Два раза чихнув, я почувствовал заметное облегчение, заправил рубашку обратно в брюки, а добрый дядя посоветовал мне:

– Если ещё когда-нибудь почувствуете духоту, охлаждайте прежде всего голову, а не живот. И дышите всей грудью, как во время гимнастики…

Я обещал действовать именно таким образом.

Ещё некоторое время добрый дядя ворчал по поводу излишней перегрузки учащихся домашними заданиями, огорчался, что я так рано испортил своё зрение и уже вынужден носить очки. Но вот наконец он взглянул на часы, сказал: «Мне пора!» – и направился к выходу.

Теперь уж ничто не могло помешать мне. Я запихнул книжку в брюки, под пояс, и тоже пошёл к двери. Я старался идти как можно уверенней, но шаг у меня получался каким-то напряжённым, деревянным. «Двенадцать стульев» неприятно щекотали живот и всё время грозили вывалиться наружу.

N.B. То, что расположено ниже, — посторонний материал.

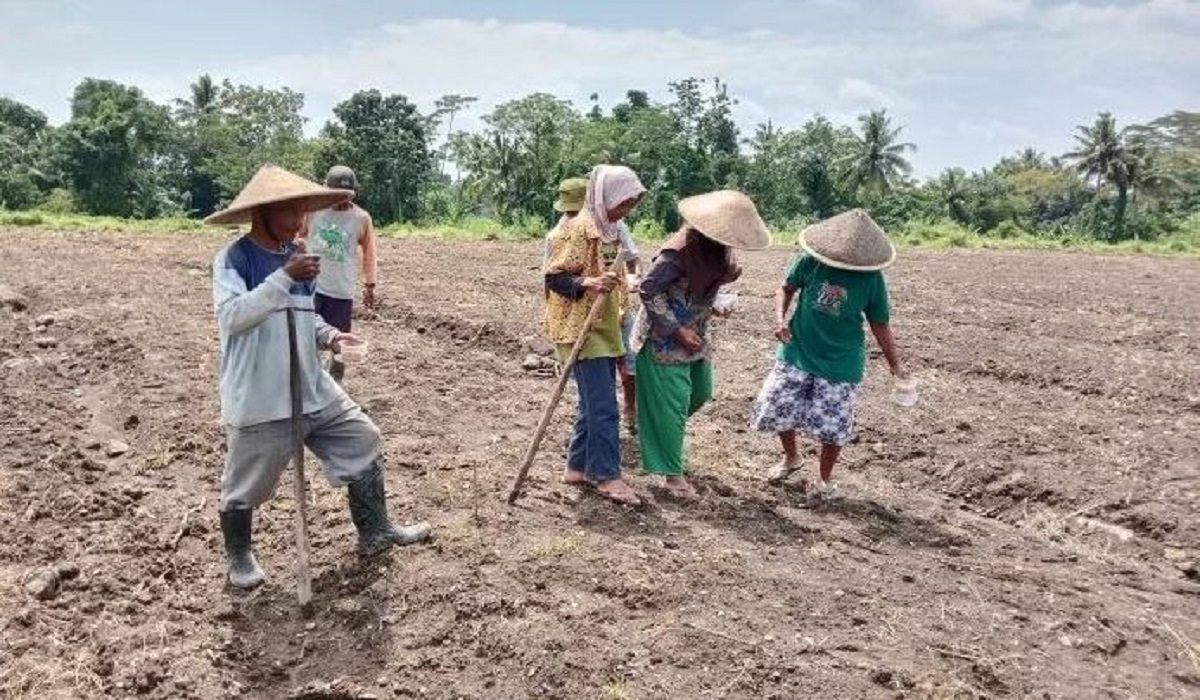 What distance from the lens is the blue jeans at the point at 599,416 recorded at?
16.6ft

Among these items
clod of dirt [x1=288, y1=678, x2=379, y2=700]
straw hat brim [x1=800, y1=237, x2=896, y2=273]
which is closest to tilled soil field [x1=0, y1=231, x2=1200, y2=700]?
clod of dirt [x1=288, y1=678, x2=379, y2=700]

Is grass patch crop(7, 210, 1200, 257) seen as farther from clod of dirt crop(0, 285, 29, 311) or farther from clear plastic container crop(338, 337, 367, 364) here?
clear plastic container crop(338, 337, 367, 364)

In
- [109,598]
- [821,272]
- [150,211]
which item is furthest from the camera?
Result: [150,211]

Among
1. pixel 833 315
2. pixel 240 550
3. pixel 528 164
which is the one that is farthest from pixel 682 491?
pixel 528 164

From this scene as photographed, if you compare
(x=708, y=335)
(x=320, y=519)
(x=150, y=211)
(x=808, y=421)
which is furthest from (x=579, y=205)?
(x=150, y=211)

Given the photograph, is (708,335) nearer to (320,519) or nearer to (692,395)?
(692,395)

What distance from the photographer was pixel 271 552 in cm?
461

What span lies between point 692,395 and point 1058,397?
13.4 feet

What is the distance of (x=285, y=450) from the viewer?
157 inches

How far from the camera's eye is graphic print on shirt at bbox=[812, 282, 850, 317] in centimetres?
528

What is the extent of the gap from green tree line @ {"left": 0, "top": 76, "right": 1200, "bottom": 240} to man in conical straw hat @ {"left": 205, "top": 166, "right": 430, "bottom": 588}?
24937 mm

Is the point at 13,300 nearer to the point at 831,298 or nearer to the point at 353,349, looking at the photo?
the point at 353,349

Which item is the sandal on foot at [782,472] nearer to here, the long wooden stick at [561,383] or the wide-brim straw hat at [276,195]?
the long wooden stick at [561,383]

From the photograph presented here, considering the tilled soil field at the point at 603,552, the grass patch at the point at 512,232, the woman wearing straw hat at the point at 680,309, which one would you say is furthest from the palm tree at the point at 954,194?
the woman wearing straw hat at the point at 680,309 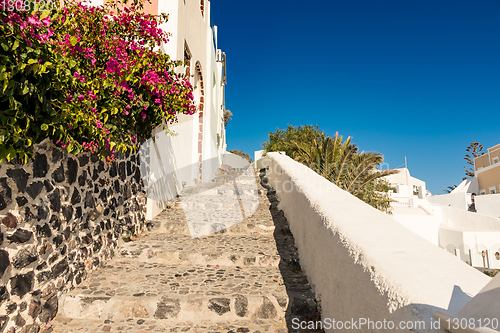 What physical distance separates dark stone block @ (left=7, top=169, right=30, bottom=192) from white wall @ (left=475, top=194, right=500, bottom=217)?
83.3ft

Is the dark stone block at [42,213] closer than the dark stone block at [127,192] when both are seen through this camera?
Yes

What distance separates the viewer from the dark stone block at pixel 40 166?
2.32 metres

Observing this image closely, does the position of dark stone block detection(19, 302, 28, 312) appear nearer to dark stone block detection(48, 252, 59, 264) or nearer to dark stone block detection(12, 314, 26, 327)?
dark stone block detection(12, 314, 26, 327)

Увидев меня, старая библиотекарша привстала и наклонилась над столиком:

– Вы куда же собрались, молодой человек?

Согласно паспорту, я за один день постарел сразу на четыре года, но никогда ещё мне так часто не напоминали о моей молодости: все – и милиционер, и добрый дядя, и старая библиотекарша – называли меня «молодым человеком». А раньше меня называли просто мальчиком, без всякой добавки… «молодой».

– Попить что-то захотелось, – объяснил я библиотекарше:

– Попить? Так у нас ведь графин на каждом столе.

– Ах, графин? Я что-то не заметил. Мне, знаете, газированной воды захотелось. С сиропом…

– А книжку вы в читальном зале оставили?

Я хотел было сказать: «Да, конечно, оставил!» – но сама книга не дала мне соврать: она, будто по приказу библиотекарши, стремительно нырнула в левую штанину моих брюк. Я вскрикнул, согнул ногу в колене, как аист, и схватился за штанину. Разговаривали мы шёпотом, а вскрикнул я полным голосом, так что библиотекарша от неожиданности вздрогнула и схватилась за край стола. Так мы оба и вцепились руками: я – в штанину, а она – в стол.